Brøske escusou-se a comentar as suspeitas existentes e os supostos motivos do milionário para matar a mulher, alegando que a investigação ainda está em aberto. As conclusões da investigação foram apresentadas na quarta-feira, dia 29, à justiça, tendo sido pedidas quatro semanas de prisão preventiva para Tom Hagen.

Em comunicado, a Polícia de Øst, uma das entidades que está a investigar o caso, de acordo com a CNN, revelou que "é importante enfatizar que, apesar de termos acusado Tom Hagen, o caso ainda está a ser investigado e há várias questões por responder", pois é "importante clarificar o papel desempenhado" pelo empresário na situação. 

"Quando o caso surgiu, a nossa teoria principal era de que Anne-Elisabeth Hagen havia sido raptada por alguém motivado por razões económicas. Em junho de 2019, começámos a acreditar que ela provavelmente foi assassinada. Agora, acreditamos que não existiu nenhum rapto e de que não existiram quaisquer negociações. Por outras palavras, tratou-se de uma clara e bem planeada tentativa de enganar a polícia", afere o comunicado.
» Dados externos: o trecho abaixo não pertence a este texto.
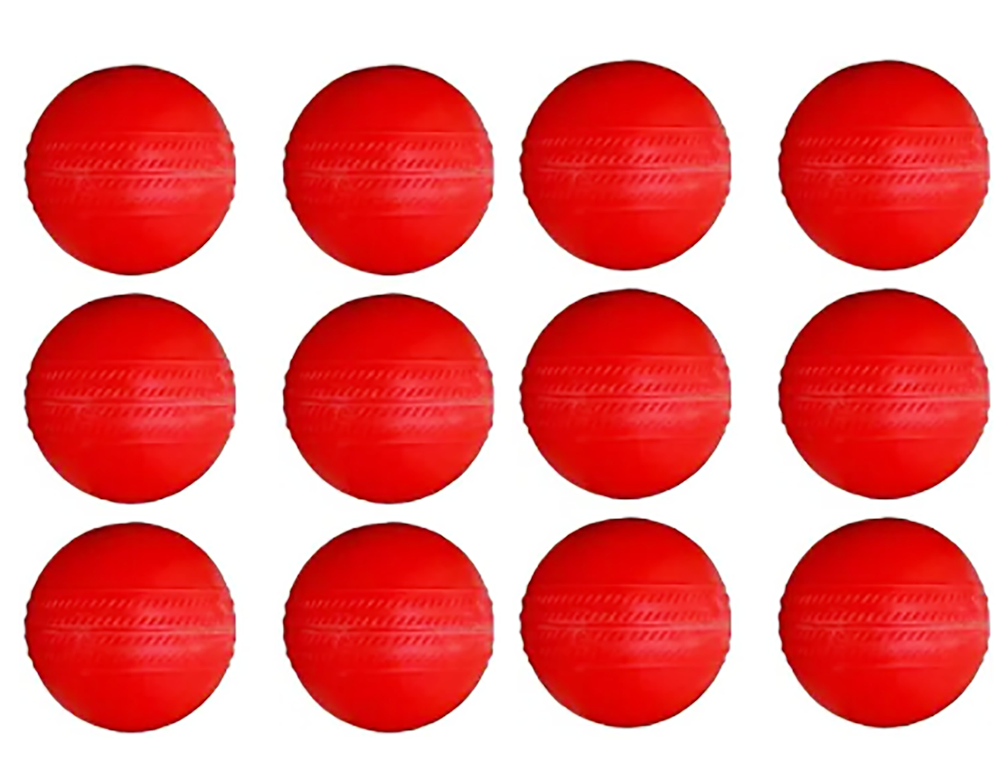 Picture of Play Cricket With 6 Pcs Cricket Rubber Ball - Maruti - Indian - Perfect For Cricket Enthusiasts - Red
Segundo a CNN, o sistema legal norueguês permite que a polícia tenha em custódia um indivíduo suspeito de um crime até que sejam apresentadas formalmente as queixas. E enquanto Hagen estava na esquadra detido, a polícia encontrava-se a revistar a sua casa, carro e escritório à procura de provas que sustentem as suas acusações.

O advogado de Hagen, Svein Holden, porém, revelou aos jornalistas à saída da esquadra, após ter reunido com o seu cliente, de que este mantém a mesma posição de inocência de sempre. "Ele mantém fortemente a posição de que não tem nada a ver com isto", reiterou.